ただし、これは体癖を断定するものではありません。

体癖は本来、身体・体型・感受性・雰囲気を総合して見るものです。

公開されている発言、作品、メディア上の印象だけで、厳密に診断できるものではありません。

さらに、著名人の場合、テレビやYouTube、講演、作品、SNSなどで見える姿には、本人そのものだけでなく、役割、演出、編集、期待されているキャラクターも含まれます。

そのため、このブログの著名人考察は、

「この人は必ず何種である」

と決めつけるものではありません。

公開情報から見える印象をもとに、体癖的に読むとどのような感受性が見えるのかを考える、仮説的な読み物です。

相談記事は、体癖診断ではなく感受性の読み解きである

今後、このブログでは、相談形式の記事も扱う予定です。

たとえば、

「人に頼られると断れない」

「人の感情に引っ張られて疲れる」

「正しく聞いているだけなのに冷たいと言われる」

といった悩みを、体癖的な観点から読み解く記事です。

ただし、相談文だけで体癖を診断することはできません。

相談記事も、あくまで感受性の仮説として扱います。

この悩みには、10種的な抱え込みがあるかもしれない。

この反応には、4種的な感情の受け取り方が関係しているかもしれない。

この困りごとは、2種的な正確さへの反応として読むと理解しやすいかもしれない。

そうした形で、悩みの見方を一つ増やすために使います。

体癖は、人を見抜くためではなく、関わり方を考えるために使う

体癖を学ぶと、人を見抜きたくなります。

「この人は何種だろう」

「自分は何種だろう」

「あの人との相性はどうだろう」

そう考えること自体は自然です。

しかし、体癖を人を見抜くための道具として使うと、すぐに決めつけになります。

大切なのは、相手を分類することではありません。

相手がどのような感受性で世界を受け取り、どこで疲れやすく、どう関わると楽になるのかを考えることです。

体癖は、人を裁くためではなく、関わり方を少し丁寧にするための道具です。

自分とは違う感受性の世界を想像できるようになること。

それが、このブログで体癖を扱う一番の目的です。

まとめ|体癖は、身体・感受性・雰囲気を総合して読むもの

体癖は、単なる性格診断ではありません。

本来は、身体・体型・感受性・雰囲気を総合して、その人の反応の方向を見ていく体系です。
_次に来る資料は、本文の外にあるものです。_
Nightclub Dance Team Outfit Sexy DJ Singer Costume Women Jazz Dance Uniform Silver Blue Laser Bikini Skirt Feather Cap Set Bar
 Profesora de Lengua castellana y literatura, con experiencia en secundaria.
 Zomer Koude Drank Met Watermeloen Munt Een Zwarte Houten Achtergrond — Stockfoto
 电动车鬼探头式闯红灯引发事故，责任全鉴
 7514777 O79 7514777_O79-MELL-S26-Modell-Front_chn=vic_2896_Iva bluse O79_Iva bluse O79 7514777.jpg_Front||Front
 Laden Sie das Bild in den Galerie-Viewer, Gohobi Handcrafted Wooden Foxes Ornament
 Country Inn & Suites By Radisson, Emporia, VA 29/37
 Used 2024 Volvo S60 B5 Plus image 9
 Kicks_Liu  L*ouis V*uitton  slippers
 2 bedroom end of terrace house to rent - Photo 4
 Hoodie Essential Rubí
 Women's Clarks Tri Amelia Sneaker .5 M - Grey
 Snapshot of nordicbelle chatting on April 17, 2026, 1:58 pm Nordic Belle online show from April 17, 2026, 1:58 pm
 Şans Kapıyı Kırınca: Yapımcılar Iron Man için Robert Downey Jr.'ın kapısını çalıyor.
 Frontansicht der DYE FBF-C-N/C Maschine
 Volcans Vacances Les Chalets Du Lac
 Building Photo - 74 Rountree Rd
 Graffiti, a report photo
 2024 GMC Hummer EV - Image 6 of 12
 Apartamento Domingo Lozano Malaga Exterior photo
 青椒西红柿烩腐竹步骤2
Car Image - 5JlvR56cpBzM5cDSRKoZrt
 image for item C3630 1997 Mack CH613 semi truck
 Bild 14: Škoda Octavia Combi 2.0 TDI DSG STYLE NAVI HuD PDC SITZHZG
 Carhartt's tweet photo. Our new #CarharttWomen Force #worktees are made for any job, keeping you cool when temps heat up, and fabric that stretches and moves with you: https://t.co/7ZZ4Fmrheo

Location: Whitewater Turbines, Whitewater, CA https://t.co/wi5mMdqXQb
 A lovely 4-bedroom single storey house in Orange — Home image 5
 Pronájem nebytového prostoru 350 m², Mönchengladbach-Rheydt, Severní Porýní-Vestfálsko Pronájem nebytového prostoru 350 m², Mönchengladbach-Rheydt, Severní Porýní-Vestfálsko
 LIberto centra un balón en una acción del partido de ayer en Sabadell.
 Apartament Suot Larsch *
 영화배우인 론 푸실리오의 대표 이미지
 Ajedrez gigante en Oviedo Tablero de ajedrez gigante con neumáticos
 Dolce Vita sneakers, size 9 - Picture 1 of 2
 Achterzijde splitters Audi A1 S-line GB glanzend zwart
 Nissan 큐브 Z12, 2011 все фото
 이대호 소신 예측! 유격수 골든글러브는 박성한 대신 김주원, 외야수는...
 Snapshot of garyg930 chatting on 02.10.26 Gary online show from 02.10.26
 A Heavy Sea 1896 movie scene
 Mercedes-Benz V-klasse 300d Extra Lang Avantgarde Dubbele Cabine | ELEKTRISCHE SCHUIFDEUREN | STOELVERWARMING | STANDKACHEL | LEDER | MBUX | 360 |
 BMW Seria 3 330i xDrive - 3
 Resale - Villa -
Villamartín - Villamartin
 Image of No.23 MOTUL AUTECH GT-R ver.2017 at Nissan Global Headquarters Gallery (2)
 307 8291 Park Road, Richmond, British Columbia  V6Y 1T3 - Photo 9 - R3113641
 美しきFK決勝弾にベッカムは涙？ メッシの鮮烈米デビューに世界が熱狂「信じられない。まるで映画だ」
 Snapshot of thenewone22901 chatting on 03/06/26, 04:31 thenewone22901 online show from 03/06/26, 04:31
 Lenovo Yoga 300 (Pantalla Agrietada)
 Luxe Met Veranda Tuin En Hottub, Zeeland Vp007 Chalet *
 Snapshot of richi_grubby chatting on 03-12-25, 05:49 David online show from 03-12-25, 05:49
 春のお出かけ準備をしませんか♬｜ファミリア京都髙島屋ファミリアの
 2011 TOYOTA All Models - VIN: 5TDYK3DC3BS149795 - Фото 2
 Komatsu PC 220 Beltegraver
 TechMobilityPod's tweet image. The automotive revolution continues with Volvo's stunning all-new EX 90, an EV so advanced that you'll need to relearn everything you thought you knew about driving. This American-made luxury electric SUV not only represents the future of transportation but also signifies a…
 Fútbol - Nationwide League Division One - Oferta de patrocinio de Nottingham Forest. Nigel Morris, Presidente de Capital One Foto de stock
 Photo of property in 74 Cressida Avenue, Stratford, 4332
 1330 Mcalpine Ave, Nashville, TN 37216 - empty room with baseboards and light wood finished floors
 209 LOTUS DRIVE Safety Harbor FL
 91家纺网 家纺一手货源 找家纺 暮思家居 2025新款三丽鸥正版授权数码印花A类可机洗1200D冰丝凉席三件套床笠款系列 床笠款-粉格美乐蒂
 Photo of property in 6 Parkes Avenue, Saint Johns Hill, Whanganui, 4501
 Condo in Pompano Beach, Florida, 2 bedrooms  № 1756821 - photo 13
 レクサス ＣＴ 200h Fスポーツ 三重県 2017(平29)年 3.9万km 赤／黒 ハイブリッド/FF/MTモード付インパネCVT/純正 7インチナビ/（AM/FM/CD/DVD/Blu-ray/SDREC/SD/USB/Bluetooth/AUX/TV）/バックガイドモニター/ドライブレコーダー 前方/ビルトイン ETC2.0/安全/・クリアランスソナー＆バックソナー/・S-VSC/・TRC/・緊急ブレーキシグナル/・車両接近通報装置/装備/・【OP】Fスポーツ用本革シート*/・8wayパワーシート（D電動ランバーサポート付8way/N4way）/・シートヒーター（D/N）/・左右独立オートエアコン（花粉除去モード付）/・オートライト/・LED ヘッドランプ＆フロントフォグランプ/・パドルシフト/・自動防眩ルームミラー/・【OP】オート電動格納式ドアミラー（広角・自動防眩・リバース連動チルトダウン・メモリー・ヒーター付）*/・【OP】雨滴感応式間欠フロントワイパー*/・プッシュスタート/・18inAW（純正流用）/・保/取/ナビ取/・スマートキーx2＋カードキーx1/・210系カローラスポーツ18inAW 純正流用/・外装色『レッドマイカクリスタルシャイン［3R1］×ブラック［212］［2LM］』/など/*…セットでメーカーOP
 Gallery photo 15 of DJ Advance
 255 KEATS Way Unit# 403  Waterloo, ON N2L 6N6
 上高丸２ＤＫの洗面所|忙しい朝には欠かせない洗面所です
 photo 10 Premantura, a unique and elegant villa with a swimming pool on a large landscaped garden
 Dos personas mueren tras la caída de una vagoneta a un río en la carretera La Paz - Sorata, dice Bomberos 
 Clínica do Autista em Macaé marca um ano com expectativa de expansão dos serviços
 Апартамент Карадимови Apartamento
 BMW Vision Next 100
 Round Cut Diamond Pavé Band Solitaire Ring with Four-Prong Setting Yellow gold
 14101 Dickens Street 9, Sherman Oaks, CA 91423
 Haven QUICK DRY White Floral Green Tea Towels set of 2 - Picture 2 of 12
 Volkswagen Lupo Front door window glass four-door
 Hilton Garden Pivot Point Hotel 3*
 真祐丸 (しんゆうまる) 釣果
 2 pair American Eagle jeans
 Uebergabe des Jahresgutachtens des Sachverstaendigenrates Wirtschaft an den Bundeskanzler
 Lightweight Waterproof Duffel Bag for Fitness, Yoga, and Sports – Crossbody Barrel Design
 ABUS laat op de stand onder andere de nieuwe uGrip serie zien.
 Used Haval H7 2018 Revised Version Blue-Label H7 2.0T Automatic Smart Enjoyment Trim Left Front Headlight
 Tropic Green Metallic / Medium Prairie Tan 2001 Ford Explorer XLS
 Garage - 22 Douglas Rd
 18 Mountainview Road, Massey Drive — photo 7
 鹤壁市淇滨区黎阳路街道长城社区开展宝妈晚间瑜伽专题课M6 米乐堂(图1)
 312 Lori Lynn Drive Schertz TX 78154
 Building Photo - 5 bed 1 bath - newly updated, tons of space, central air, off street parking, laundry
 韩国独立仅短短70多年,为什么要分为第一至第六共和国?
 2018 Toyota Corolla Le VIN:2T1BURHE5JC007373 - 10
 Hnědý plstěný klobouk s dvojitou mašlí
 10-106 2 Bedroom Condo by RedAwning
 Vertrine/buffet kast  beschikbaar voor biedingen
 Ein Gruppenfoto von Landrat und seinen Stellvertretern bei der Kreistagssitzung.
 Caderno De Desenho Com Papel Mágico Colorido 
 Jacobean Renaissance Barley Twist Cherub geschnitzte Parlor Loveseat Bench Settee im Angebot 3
だからこそ、チェックリストだけで判断することも、公開情報だけで断定することもできません。

体癖を見るには、身体全体を見る必要があります。

感受性の方向を見る必要があります。

その人が発している雰囲気を見る必要があります。

そして何より、決めつけずに観察し続ける姿勢が必要です。

それでも、体癖を補助線として使うと、人の違いが少し見えやすくなります。

なぜ、同じ言葉を聞いても反応が違うのか。

なぜ、ある人は正確さを求め、ある人は感情を受け取り、ある人は人を包み込もうとするのか。

なぜ、ある人は行動で動き、ある人は納得するまで動けないのか。

そうした感受性の違いを考えることで、自分や他人への見方が少し柔らかくなります。

このブログでは、体癖を人を決めつけるためではなく、自分とは違う感受性の世界を想像するための人間観察の技術として扱っていきます。